*** Block opens ***
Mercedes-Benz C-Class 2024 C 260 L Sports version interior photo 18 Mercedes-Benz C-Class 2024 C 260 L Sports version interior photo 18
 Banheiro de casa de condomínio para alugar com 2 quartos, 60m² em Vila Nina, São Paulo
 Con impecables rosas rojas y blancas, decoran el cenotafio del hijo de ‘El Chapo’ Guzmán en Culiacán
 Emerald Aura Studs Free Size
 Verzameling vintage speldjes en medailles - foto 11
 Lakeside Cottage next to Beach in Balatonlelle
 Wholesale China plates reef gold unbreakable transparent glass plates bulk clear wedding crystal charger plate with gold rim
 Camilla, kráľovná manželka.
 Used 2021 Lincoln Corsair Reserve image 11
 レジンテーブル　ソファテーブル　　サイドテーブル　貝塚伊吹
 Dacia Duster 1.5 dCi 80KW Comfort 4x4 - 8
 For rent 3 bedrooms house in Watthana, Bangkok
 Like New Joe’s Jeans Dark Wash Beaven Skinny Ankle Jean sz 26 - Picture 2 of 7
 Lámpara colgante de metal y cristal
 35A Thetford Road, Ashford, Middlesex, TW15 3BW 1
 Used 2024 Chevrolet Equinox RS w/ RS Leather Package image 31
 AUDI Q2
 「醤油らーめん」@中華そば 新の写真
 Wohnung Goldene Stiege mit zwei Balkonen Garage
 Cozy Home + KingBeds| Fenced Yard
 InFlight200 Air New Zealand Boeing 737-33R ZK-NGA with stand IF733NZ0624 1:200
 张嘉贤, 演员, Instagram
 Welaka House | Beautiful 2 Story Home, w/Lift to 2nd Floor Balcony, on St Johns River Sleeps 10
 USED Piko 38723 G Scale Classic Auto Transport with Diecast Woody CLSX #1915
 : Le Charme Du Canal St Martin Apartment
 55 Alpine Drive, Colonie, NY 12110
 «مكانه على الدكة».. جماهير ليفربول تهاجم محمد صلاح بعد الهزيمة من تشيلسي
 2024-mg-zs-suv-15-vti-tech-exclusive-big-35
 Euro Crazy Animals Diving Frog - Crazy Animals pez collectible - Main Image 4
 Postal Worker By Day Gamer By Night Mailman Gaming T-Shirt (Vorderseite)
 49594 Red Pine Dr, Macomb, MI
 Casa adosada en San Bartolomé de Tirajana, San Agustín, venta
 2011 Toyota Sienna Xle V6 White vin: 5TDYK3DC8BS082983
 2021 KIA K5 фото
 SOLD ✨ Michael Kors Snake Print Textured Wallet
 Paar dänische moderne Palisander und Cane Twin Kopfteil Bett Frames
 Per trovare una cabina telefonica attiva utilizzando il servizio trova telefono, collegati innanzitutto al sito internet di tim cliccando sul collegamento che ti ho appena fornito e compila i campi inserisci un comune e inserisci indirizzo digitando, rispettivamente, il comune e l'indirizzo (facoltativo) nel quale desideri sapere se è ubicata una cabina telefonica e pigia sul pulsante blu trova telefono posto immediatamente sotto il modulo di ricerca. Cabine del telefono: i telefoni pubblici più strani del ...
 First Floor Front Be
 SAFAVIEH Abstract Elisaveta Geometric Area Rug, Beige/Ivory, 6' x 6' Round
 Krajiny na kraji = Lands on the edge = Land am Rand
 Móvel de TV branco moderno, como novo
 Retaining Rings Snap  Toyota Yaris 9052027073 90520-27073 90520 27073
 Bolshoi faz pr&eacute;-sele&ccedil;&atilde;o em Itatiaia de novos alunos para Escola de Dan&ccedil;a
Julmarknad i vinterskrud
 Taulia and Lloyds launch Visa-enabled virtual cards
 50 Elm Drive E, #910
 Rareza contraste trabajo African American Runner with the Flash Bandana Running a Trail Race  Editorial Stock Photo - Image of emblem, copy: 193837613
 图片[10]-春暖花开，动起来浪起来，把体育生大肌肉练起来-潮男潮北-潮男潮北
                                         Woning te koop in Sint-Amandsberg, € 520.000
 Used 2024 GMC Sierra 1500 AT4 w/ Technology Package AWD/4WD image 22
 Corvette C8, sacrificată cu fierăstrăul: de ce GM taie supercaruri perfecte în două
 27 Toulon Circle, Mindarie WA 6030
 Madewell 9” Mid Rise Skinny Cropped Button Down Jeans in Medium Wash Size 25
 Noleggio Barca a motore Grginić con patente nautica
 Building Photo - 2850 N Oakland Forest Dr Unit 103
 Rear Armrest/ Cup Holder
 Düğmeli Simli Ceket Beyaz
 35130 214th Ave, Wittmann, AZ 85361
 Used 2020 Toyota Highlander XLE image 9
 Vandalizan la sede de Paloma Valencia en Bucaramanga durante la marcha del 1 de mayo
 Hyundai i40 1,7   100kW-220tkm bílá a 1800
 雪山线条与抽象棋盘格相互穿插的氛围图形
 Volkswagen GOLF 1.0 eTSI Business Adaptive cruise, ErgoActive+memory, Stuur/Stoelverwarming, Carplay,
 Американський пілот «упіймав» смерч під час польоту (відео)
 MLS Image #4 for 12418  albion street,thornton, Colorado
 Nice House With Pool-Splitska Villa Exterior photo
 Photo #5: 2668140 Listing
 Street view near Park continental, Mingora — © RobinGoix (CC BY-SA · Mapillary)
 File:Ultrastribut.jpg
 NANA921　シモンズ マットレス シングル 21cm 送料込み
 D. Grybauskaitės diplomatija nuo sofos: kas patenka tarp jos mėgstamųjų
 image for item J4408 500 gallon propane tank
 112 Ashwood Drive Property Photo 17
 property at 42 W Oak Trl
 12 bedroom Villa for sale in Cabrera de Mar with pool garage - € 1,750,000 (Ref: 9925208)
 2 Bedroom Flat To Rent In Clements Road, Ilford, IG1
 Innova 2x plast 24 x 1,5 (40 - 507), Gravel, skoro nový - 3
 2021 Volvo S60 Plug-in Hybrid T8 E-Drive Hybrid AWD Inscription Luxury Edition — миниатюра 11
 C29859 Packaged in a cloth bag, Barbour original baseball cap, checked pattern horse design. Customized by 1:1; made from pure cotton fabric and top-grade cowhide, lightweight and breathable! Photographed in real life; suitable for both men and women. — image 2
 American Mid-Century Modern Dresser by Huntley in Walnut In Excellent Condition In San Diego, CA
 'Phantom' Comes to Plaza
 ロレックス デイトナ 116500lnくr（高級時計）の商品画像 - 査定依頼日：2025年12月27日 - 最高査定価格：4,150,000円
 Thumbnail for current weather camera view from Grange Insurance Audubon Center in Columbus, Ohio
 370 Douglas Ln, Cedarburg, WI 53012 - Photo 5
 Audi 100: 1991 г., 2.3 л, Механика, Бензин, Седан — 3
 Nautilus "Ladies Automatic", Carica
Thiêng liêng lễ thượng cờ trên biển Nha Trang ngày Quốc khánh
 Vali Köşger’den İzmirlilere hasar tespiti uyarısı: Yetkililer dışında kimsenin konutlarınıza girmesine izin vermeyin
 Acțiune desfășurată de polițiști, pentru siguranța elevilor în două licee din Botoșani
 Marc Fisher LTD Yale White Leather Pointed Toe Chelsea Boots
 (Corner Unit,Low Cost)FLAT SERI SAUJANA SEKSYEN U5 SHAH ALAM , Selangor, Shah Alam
*** Block closes ***
• Your assignment:
Retype the data in full, precisely as given.

• Answer to the problem:
Mercedes-Benz C-Class 2024 C 260 L Sports version interior photo 18 Mercedes-Benz C-Class 2024 C 260 L Sports version interior photo 18
 Banheiro de casa de condomínio para alugar com 2 quartos, 60m² em Vila Nina, São Paulo
 Con impecables rosas rojas y blancas, decoran el cenotafio del hijo de ‘El Chapo’ Guzmán en Culiacán
 Emerald Aura Studs Free Size
 Verzameling vintage speldjes en medailles - foto 11
 Lakeside Cottage next to Beach in Balatonlelle
 Wholesale China plates reef gold unbreakable transparent glass plates bulk clear wedding crystal charger plate with gold rim
 Camilla, kráľovná manželka.
 Used 2021 Lincoln Corsair Reserve image 11
 レジンテーブル　ソファテーブル　　サイドテーブル　貝塚伊吹
 Dacia Duster 1.5 dCi 80KW Comfort 4x4 - 8
 For rent 3 bedrooms house in Watthana, Bangkok
 Like New Joe’s Jeans Dark Wash Beaven Skinny Ankle Jean sz 26 - Picture 2 of 7
 Lámpara colgante de metal y cristal
 35A Thetford Road, Ashford, Middlesex, TW15 3BW 1
 Used 2024 Chevrolet Equinox RS w/ RS Leather Package image 31
 AUDI Q2
 「醤油らーめん」@中華そば 新の写真
 Wohnung Goldene Stiege mit zwei Balkonen Garage
 Cozy Home + KingBeds| Fenced Yard
 InFlight200 Air New Zealand Boeing 737-33R ZK-NGA with stand IF733NZ0624 1:200
 张嘉贤, 演员, Instagram
 Welaka House | Beautiful 2 Story Home, w/Lift to 2nd Floor Balcony, on St Johns River Sleeps 10
 USED Piko 38723 G Scale Classic Auto Transport with Diecast Woody CLSX #1915
 : Le Charme Du Canal St Martin Apartment
 55 Alpine Drive, Colonie, NY 12110
 «مكانه على الدكة».. جماهير ليفربول تهاجم محمد صلاح بعد الهزيمة من تشيلسي
 2024-mg-zs-suv-15-vti-tech-exclusive-big-35
 Euro Crazy Animals Diving Frog - Crazy Animals pez collectible - Main Image 4
 Postal Worker By Day Gamer By Night Mailman Gaming T-Shirt (Vorderseite)
 49594 Red Pine Dr, Macomb, MI
 Casa adosada en San Bartolomé de Tirajana, San Agustín, venta
 2011 Toyota Sienna Xle V6 White vin: 5TDYK3DC8BS082983
 2021 KIA K5 фото
 SOLD ✨ Michael Kors Snake Print Textured Wallet
 Paar dänische moderne Palisander und Cane Twin Kopfteil Bett Frames
 Per trovare una cabina telefonica attiva utilizzando il servizio trova telefono, collegati innanzitutto al sito internet di tim cliccando sul collegamento che ti ho appena fornito e compila i campi inserisci un comune e inserisci indirizzo digitando, rispettivamente, il comune e l'indirizzo (facoltativo) nel quale desideri sapere se è ubicata una cabina telefonica e pigia sul pulsante blu trova telefono posto immediatamente sotto il modulo di ricerca. Cabine del telefono: i telefoni pubblici più strani del ...
 First Floor Front Be
 SAFAVIEH Abstract Elisaveta Geometric Area Rug, Beige/Ivory, 6' x 6' Round
 Krajiny na kraji = Lands on the edge = Land am Rand
 Móvel de TV branco moderno, como novo
 Retaining Rings Snap  Toyota Yaris 9052027073 90520-27073 90520 27073
 Bolshoi faz pr&eacute;-sele&ccedil;&atilde;o em Itatiaia de novos alunos para Escola de Dan&ccedil;a
Julmarknad i vinterskrud
 Taulia and Lloyds launch Visa-enabled virtual cards
 50 Elm Drive E, #910
 Rareza contraste trabajo African American Runner with the Flash Bandana Running a Trail Race  Editorial Stock Photo - Image of emblem, copy: 193837613
 图片[10]-春暖花开，动起来浪起来，把体育生大肌肉练起来-潮男潮北-潮男潮北
                                         Woning te koop in Sint-Amandsberg, € 520.000
 Used 2024 GMC Sierra 1500 AT4 w/ Technology Package AWD/4WD image 22
 Corvette C8, sacrificată cu fierăstrăul: de ce GM taie supercaruri perfecte în două
 27 Toulon Circle, Mindarie WA 6030
 Madewell 9” Mid Rise Skinny Cropped Button Down Jeans in Medium Wash Size 25
 Noleggio Barca a motore Grginić con patente nautica
 Building Photo - 2850 N Oakland Forest Dr Unit 103
 Rear Armrest/ Cup Holder
 Düğmeli Simli Ceket Beyaz
 35130 214th Ave, Wittmann, AZ 85361
 Used 2020 Toyota Highlander XLE image 9
 Vandalizan la sede de Paloma Valencia en Bucaramanga durante la marcha del 1 de mayo
 Hyundai i40 1,7   100kW-220tkm bílá a 1800
 雪山线条与抽象棋盘格相互穿插的氛围图形
 Volkswagen GOLF 1.0 eTSI Business Adaptive cruise, ErgoActive+memory, Stuur/Stoelverwarming, Carplay,
 Американський пілот «упіймав» смерч під час польоту (відео)
 MLS Image #4 for 12418  albion street,thornton, Colorado
 Nice House With Pool-Splitska Villa Exterior photo
 Photo #5: 2668140 Listing
 Street view near Park continental, Mingora — © RobinGoix (CC BY-SA · Mapillary)
 File:Ultrastribut.jpg
 NANA921　シモンズ マットレス シングル 21cm 送料込み
 D. Grybauskaitės diplomatija nuo sofos: kas patenka tarp jos mėgstamųjų
 image for item J4408 500 gallon propane tank
 112 Ashwood Drive Property Photo 17
 property at 42 W Oak Trl
 12 bedroom Villa for sale in Cabrera de Mar with pool garage - € 1,750,000 (Ref: 9925208)
 2 Bedroom Flat To Rent In Clements Road, Ilford, IG1
 Innova 2x plast 24 x 1,5 (40 - 507), Gravel, skoro nový - 3
 2021 Volvo S60 Plug-in Hybrid T8 E-Drive Hybrid AWD Inscription Luxury Edition — миниатюра 11
 C29859 Packaged in a cloth bag, Barbour original baseball cap, checked pattern horse design. Customized by 1:1; made from pure cotton fabric and top-grade cowhide, lightweight and breathable! Photographed in real life; suitable for both men and women. — image 2
 American Mid-Century Modern Dresser by Huntley in Walnut In Excellent Condition In San Diego, CA
 'Phantom' Comes to Plaza
 ロレックス デイトナ 116500lnくr（高級時計）の商品画像 - 査定依頼日：2025年12月27日 - 最高査定価格：4,150,000円
 Thumbnail for current weather camera view from Grange Insurance Audubon Center in Columbus, Ohio
 370 Douglas Ln, Cedarburg, WI 53012 - Photo 5
 Audi 100: 1991 г., 2.3 л, Механика, Бензин, Седан — 3
 Nautilus "Ladies Automatic", Carica
Thiêng liêng lễ thượng cờ trên biển Nha Trang ngày Quốc khánh
 Vali Köşger’den İzmirlilere hasar tespiti uyarısı: Yetkililer dışında kimsenin konutlarınıza girmesine izin vermeyin
 Acțiune desfășurată de polițiști, pentru siguranța elevilor în două licee din Botoșani
 Marc Fisher LTD Yale White Leather Pointed Toe Chelsea Boots
 (Corner Unit,Low Cost)FLAT SERI SAUJANA SEKSYEN U5 SHAH ALAM , Selangor, Shah Alam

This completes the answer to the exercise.